引っ越して3週間たった今日の夕方の出来事。

買い物から帰ってきて、荷物を置いた直後にドンドンドンと玄関ドアを叩く音。
誰ですか?とドア越しに聞くと、
「○○確認ですよー」とおばちゃんの声がした。

確認ですよって言われても全然イミがわからない。
恐る恐るドアを開けると、まるで町内会会長のようなアジュモニ(おばちゃん)が何やら書類を持って、ドアの隙間から玄関にのしのし入ってきた。
「最近引っ越して来たのよね?ハイここ(と書類を差し)、世帯主の名前…あってる?アナタの名前入ってないけど…ああそう、新婚なのね」
書類の件名には「転入確認書/通帳確認書」と書いてあった…ような気がしたが、これ何ですか?と聞く前に、アジュモニは無遠慮に部屋を眺めまわし、
「あらー、内装やったのねー、キレイにしてるわねえ。ちょっといい(わよね)?」
と、ずかずか入ってくるではないか。
居間をぐるりと見て「あらあ、広く感じるわねえ」「本が好きなのねえ(=本棚しかないわねえ)」と。「あ…まだモノがあんまりないもんで」と、ついこっちがヒクツに応答してしまう。

「あらあら、これなあに?!すてきねえ!」と目を付けられたのは、格子の形に開くブラインドで、「どこで買ったの?いくらだった?」とたたみかけてくる。
さすがにこの辺で(やっと)我に返って「で、ご用件は?」と言いかけたタイミングで、アジュモニは転入確認の書類のサインを求めてきた。

ところが、書類の確認もそこそこに。
「旦那は?まだ帰ってきてないの?遅いわねえ」
「あなたいくつ?あらそんなお年なの?若く見えるわ。

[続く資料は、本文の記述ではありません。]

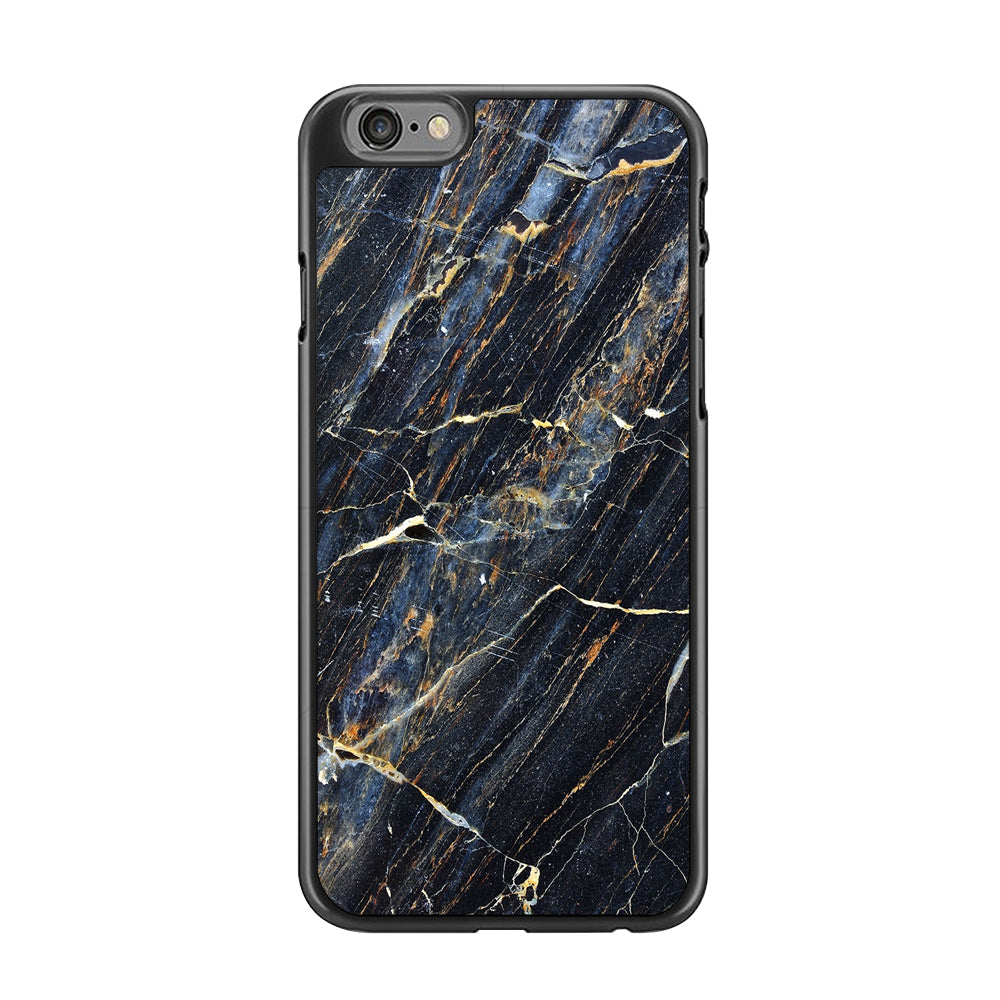 Marble Pattern 018 iPhone 6 | 6s Case -  3D Phone Case - Xtracase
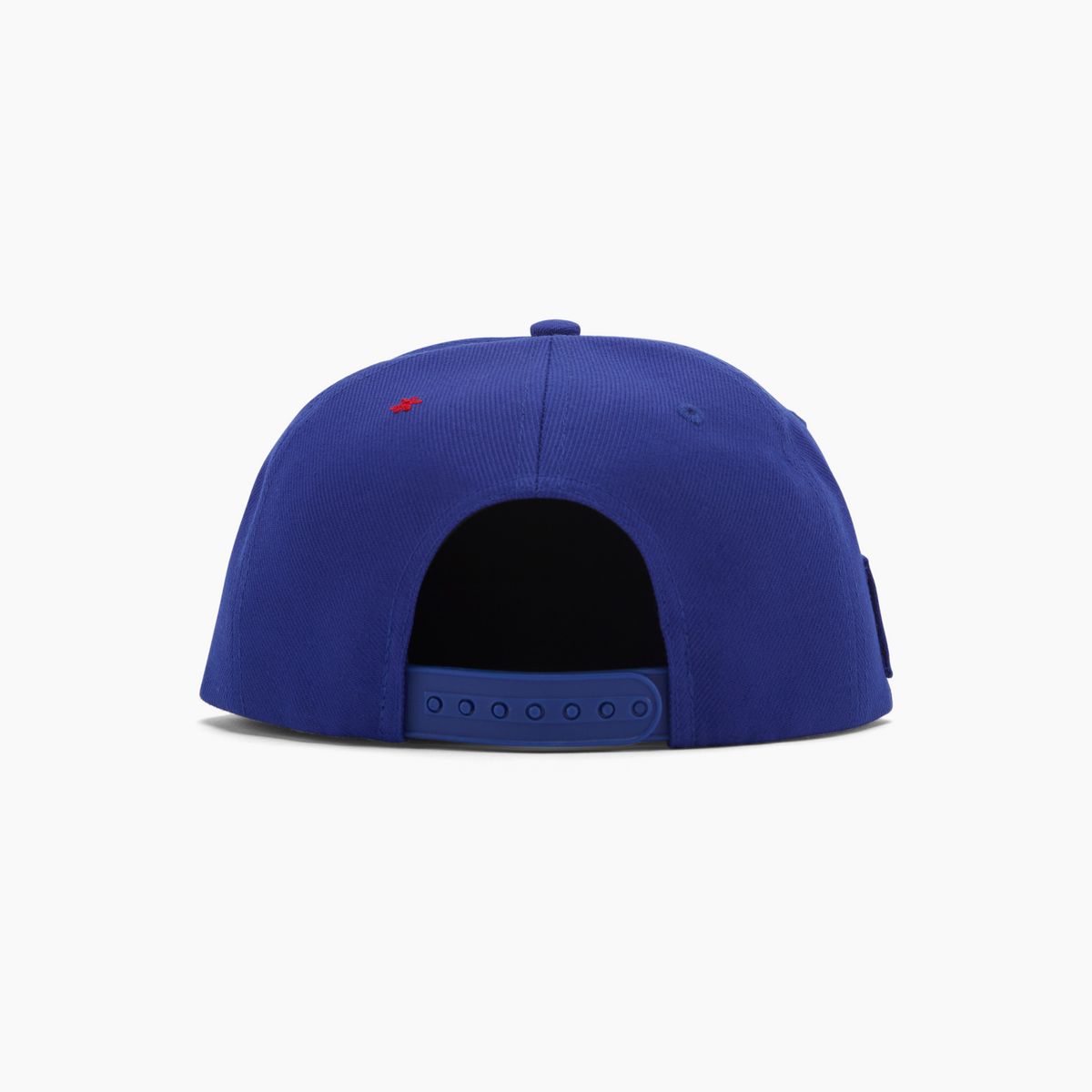 Loop Cap - image 3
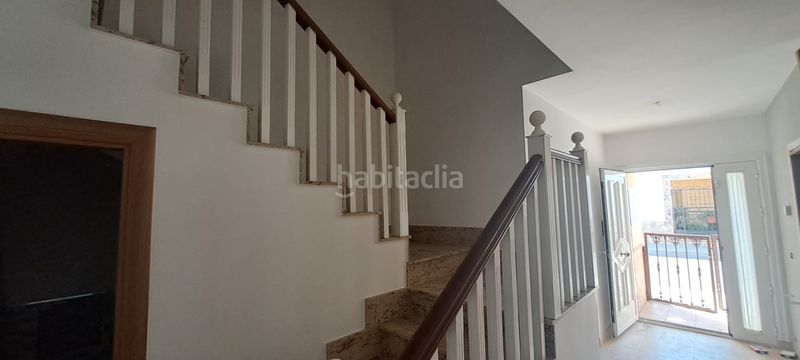 Foto 82be03c6-8d10-4c40-a56e-3c5bc4694601. Casa a Argamasilla de Calatrava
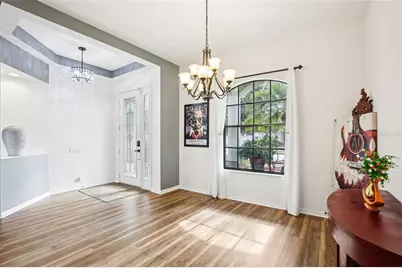 12610 30th Street Circle E, Parrish, FL 34219 - Photo 12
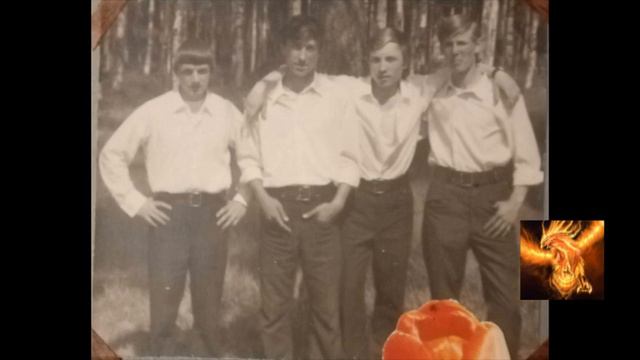 Не повторяется такое никогда!!! смотреть онлайн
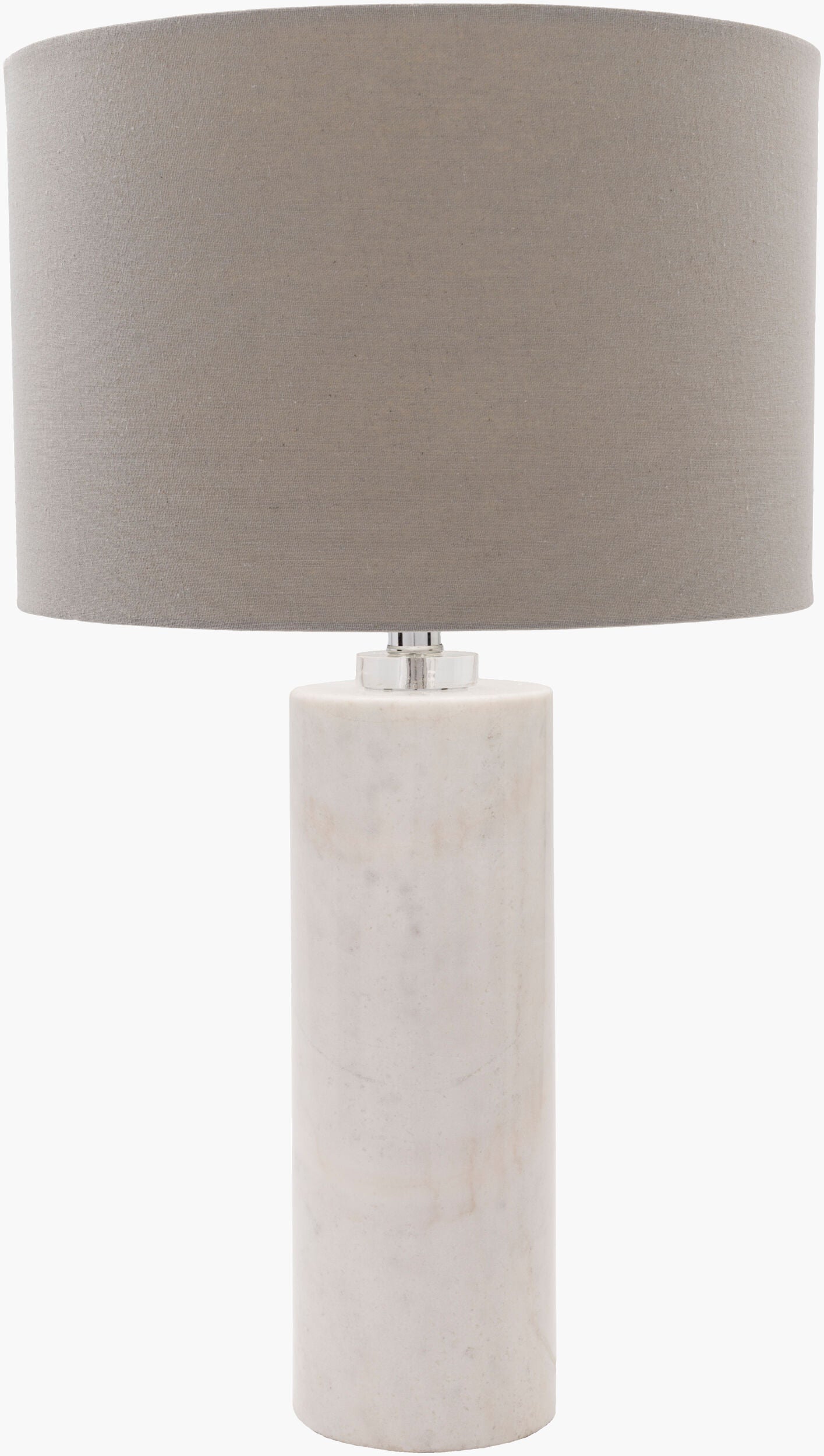 Roland Accent Table Lamp | RND100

…なんで結婚がそんなに遅かったの」
「子どもは?いないのね?まあ早く作らなきゃね」
「旦那の出身地はどこ?あなたは?」
「働いているの?週何日?何時出勤?」
久しぶりに見知らぬ人の厚顔無恥力に圧倒され、腹が立つより呆気にとられ、思わず一問一答してしまう私。

そんでもって。
「明日は何するの?」と幼稚園の友だちのような無邪気な質問をされた後、
「教会には通ってる?」と聞かれて、ようやく再びハッと我に返った。
「いいえ」と答えたら、まるで心外というような表情で「なんで?」と聞かれたので、
「わたし仏教徒ですから」とまじめな顔で答えておいた。
「そう…私もね昔は違ったんだけど、教会でイエス様にお祈りしたら病気が治ったのよ、それ以来イエス様を信じるのよね。で、明日1時間くらい時間あったら教会に…」
「いや、無理っす」
「どうして」
「私にはお釈迦様がいますから。」

また何か言い出しそうなアジュモニをやっと玄関先まで追いやった。
出る間際にアジュモニが残した言葉は、(開けっ放しだった)トイレを見て「あらここも改築したのね…いくらだった?」
「知りません、覚えてません」

玄関を出ながらアジュモニは、
「イエス様を信じなさい〜」
と言い放って、去っていった。

いやあ。
正月+週末は家でダレていた自分に、このアジュモニの登場は
青唐辛子並みの刺激でした。
油断ならぬなあ、と思った新居生活。

というわけで、この機に「引っ越し顛末記」をちょっとずつ思い出しながら書いてみようと思う。